Wikimedia budget/Hardware efficiencies

From Meta, a Wikimedia project coordination wiki

Or "how to avoid spending $One Billion Dollars$ on hardware in 2009" (projection).

I. Isolate the core of desired functionality. Scale the most important 80% of functionality, and allow the rest to lag (We already do this to an extent, by not allowing certain Specialpages queries to run.).

  • Example 1: Most visitors read but don't write. Give them blindingly-fast servers, db- and cache-optimized for serving pages.
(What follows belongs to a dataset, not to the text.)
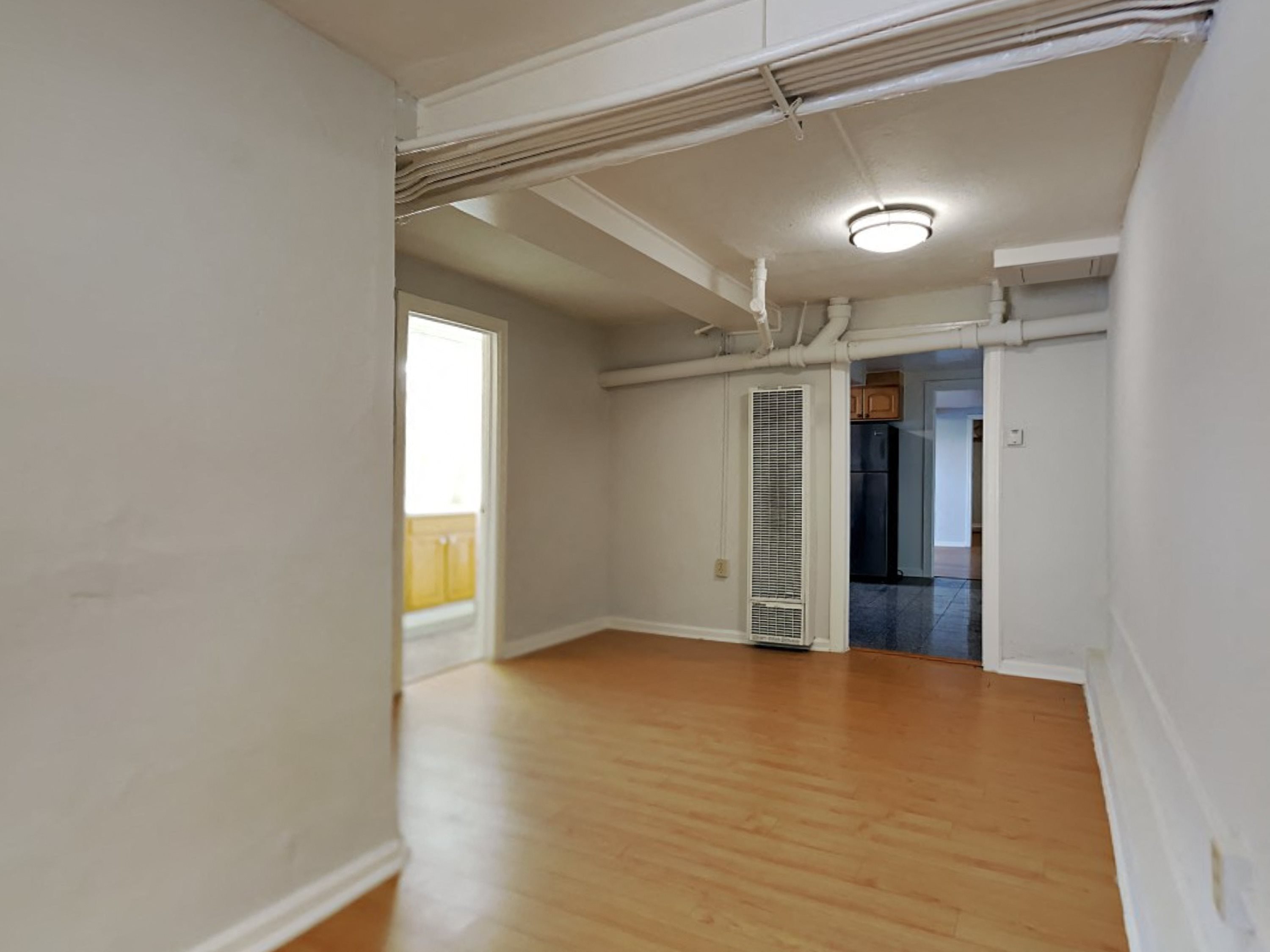 Gallery Photo 3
Redirect queries like "History" pages, or even less central requests like "Talk" pages, to less efficient servers.
  • Example 2: Most cycle-intensive hits come from
    1. Search requests
    2. Recent Changes
    3. Long page histories for main pages (probably ~500 pages in all)
    4. Other in-the-know users visiting various Special pages (many currently disabled)
    5. Devs running live db queries (almost never done any more) & updates
So, we can set aside a certain short period of time each day when sloth/downtime may take place, and try to cut any needed downtime for db updates into small chunks; can arrange special caching solutions for the most active page histories and special pages (requiring active effort, and a deprioritized db handle, to get an up-to-the-minute result); and can have a separate optimized search server.
  • Example 3: Certain groups of users (New pages patrol, welcoming committee, volunteer fire dept) will want frequent access to many varieties of RC, new pages, & new user registrations. Design different tools & interfaces to give them what they need without unduly taxing the db or web servers.
  • Example 4: DDOS efforts: Sometimes editing can grind to a halt thanks to a combination of vandals & bots. Set aside a separate db server for bots & anon/new accounts, so that this sloth won't affect everyone.

II. Identify the right tool for the bottleneck, then find out how to acquire it in bulk.

  • Examples: finding a high-NFS-op machine to cope with an NFS bottleneck, getting machines that can effectively use 16G+ of RAM to cope with RAM bottlenecks, and choosing toolchains that all rely on the same elements to maximize economies of scale generated by these hardware decisions.
  • Examples: developing a relationship with bulk server providers, or bulk RAM providers, instead of going through intermediaries. On the plus side, we have wikimedians (and may even be able to offer suitable publicity) in whichever parts of the world produce our target tools.

III. Make efficient use of requests for in-kind donations.

  • Asking NetApp to donate a nice machine is easier than asking them to donate $10,000. Ditto for db donations from Oracle, server donations from IBM, etc.

September 2004 analysis of this.

  • Most visitors have the majority of their work served by the Squid cache servers and we buy more of those as needed to keep up with the demand. High traffic peaks are very efficiently and quickly served in this way. Where the Squids don't have it, memcached is used to help to reduce load and improve performance.
  • Cycle-intensive (really disk-database intensive) hits include
    • Search, being addressed with a revised table design, much more efficient query and a dedicated search server, planned to scale to more as required.
    • Recent changes is an inexpensive query.
    • Long page histories are OK; old page histories are not. This is being addressed by a table design change and by a plan to move the text portion off the primary database servers, onto a server which can inexpensively handle the growth in size of this data collection.
    • Special pages are cached and updated by a batch job which is run several times a week at low load times.
    • Devs are good at working out what is likely to be slow and at doing those queries at off peak times. They also have access to the backup servers and can use those at times.
  • Various tools and enhancements in this have been and are being developed, from recent changes bots in IRC to an indication of which changes have already been examined.